EXERCISE — Look through the listing below for the line containing "a bathroom with". Copy it and each line after it up to and including the line containing "3 bed, $1,018 — Photo 4", exactly, leaving out pictures.

MATERIAL TO PROCESS —
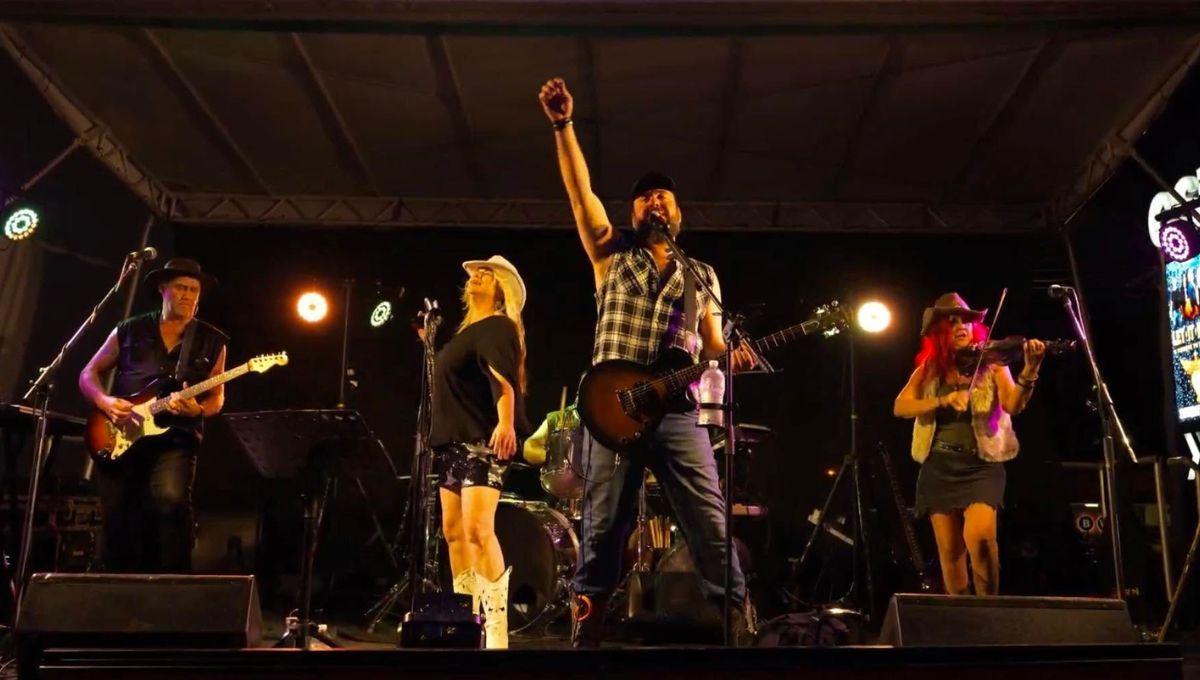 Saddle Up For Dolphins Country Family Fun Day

--

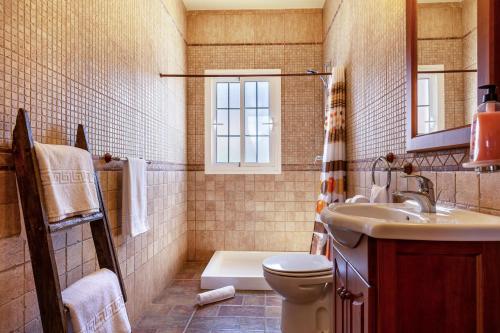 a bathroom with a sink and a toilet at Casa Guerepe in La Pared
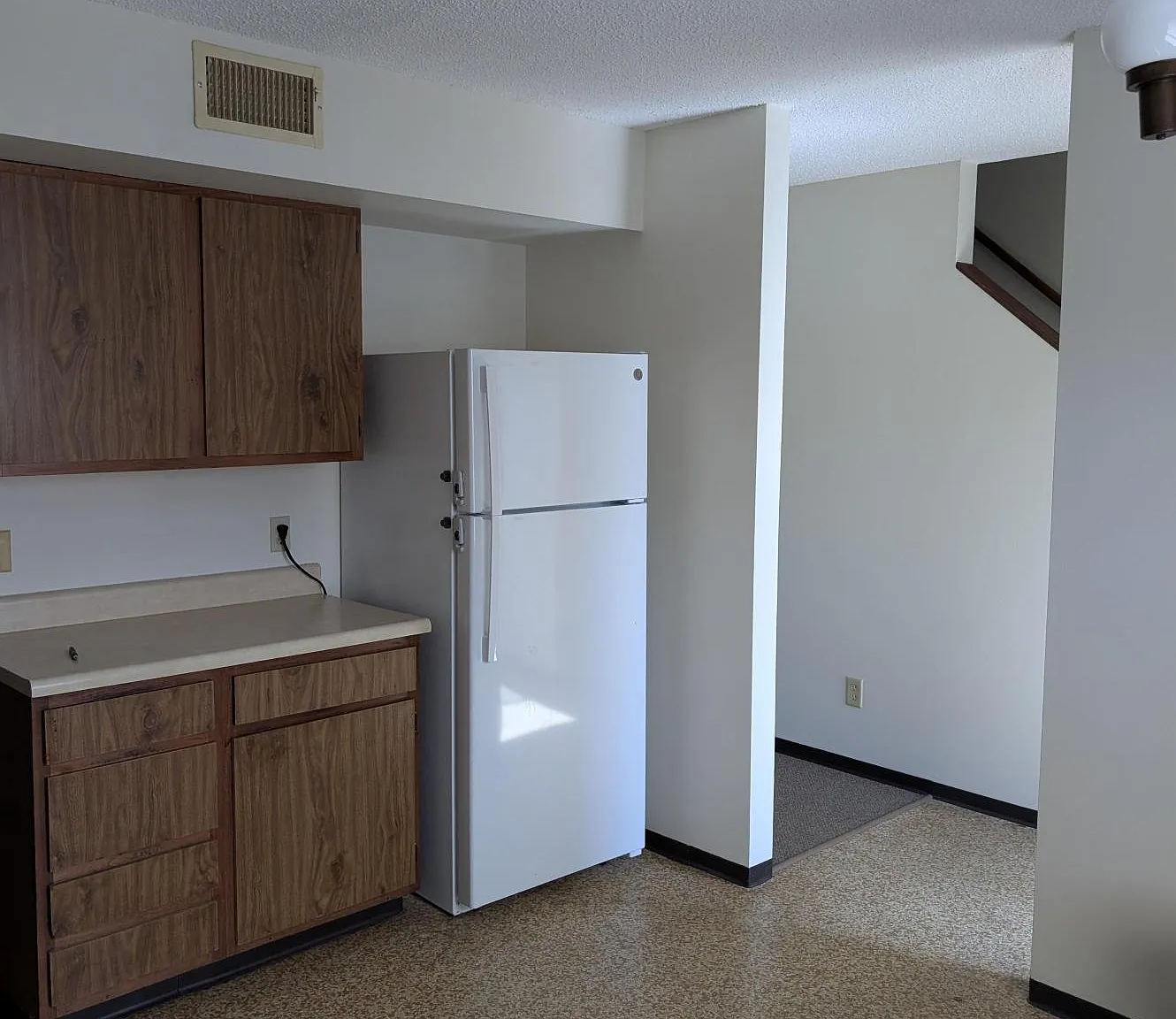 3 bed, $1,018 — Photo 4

SOLUTION FOR THIS TASK —
 a bathroom with a sink and a toilet at Casa Guerepe in La Pared
 3 bed, $1,018 — Photo 4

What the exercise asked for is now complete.